TRY IT — Each line below from the line with "Alt view image" to the line with "Water Purifier Filter" must be copied exactly, including those two, and no picture may appear in the copy.

TASK INPUTS —
*** Begin section ***

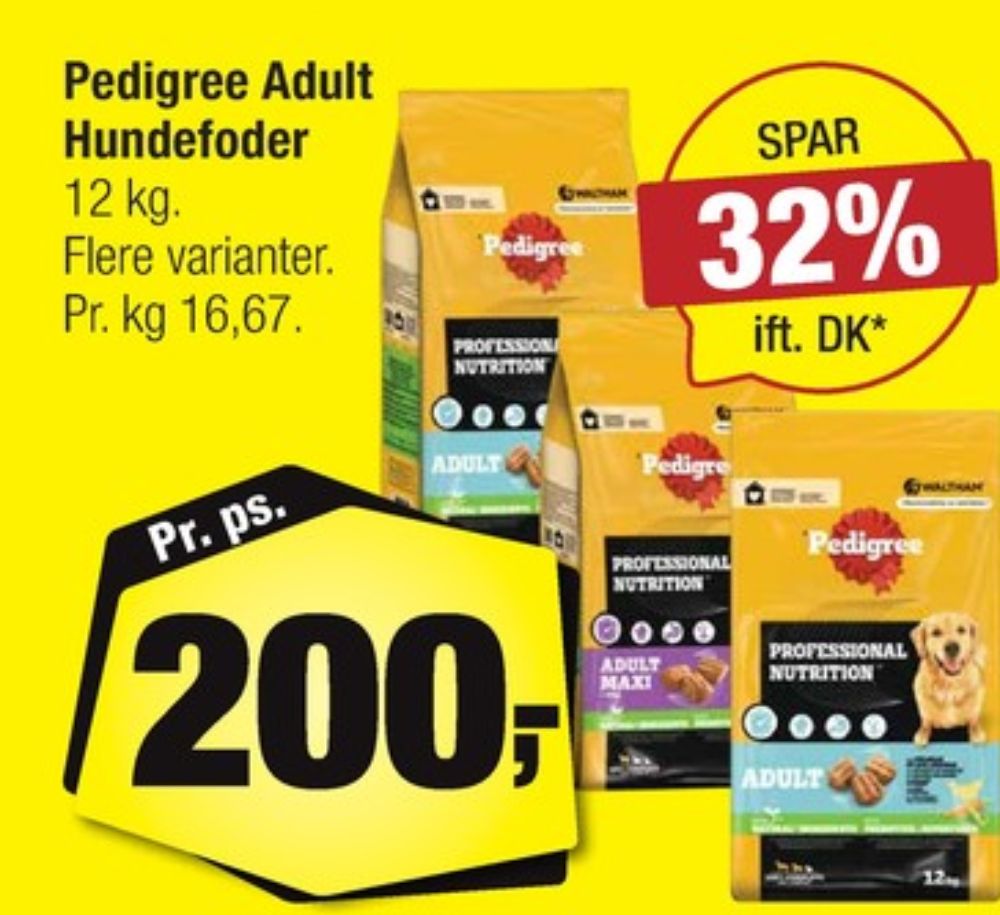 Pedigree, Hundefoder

*** End section ***
*** Begin section ***

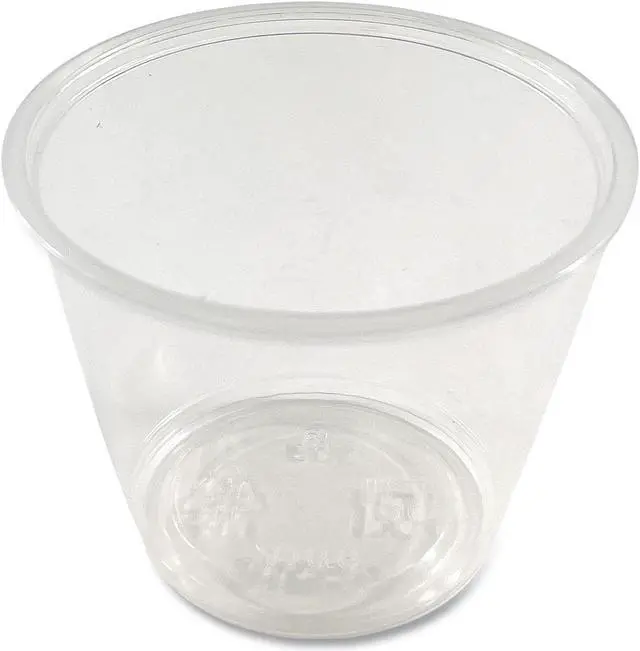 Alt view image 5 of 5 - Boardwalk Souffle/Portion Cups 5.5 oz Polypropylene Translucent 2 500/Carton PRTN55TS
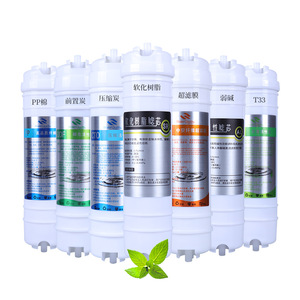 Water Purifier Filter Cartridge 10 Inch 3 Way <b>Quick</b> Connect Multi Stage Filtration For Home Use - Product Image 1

*** End section ***
*** Begin section ***

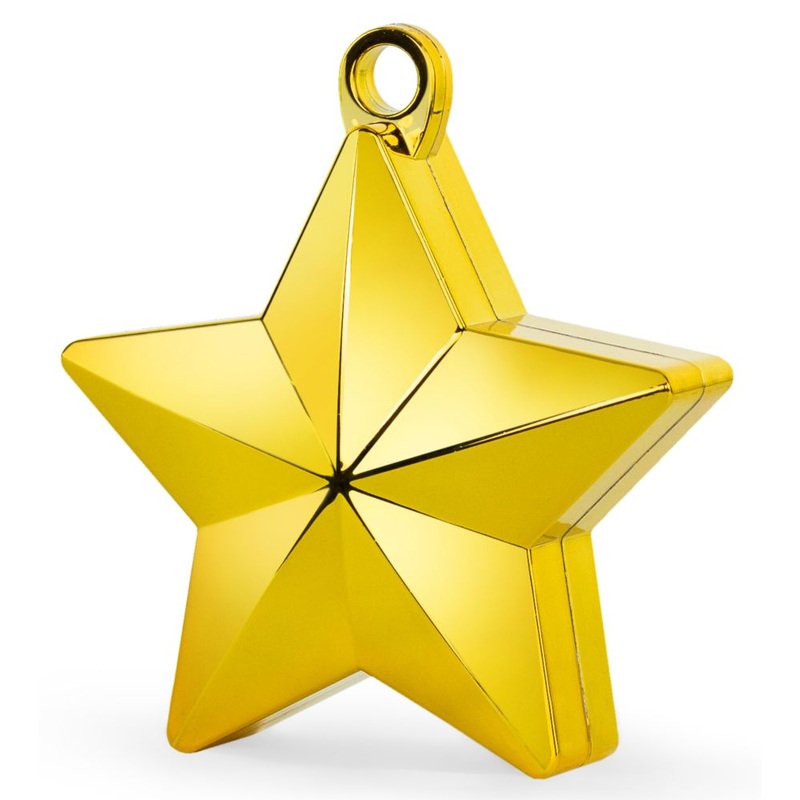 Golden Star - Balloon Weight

*** End section ***

RESPONSE TO THE EXERCISE —
 Alt view image 5 of 5 - Boardwalk Souffle/Portion Cups 5.5 oz Polypropylene Translucent 2 500/Carton PRTN55TS
 Water Purifier Filter Cartridge 10 Inch 3 Way <b>Quick</b> Connect Multi Stage Filtration For Home Use - Product Image 1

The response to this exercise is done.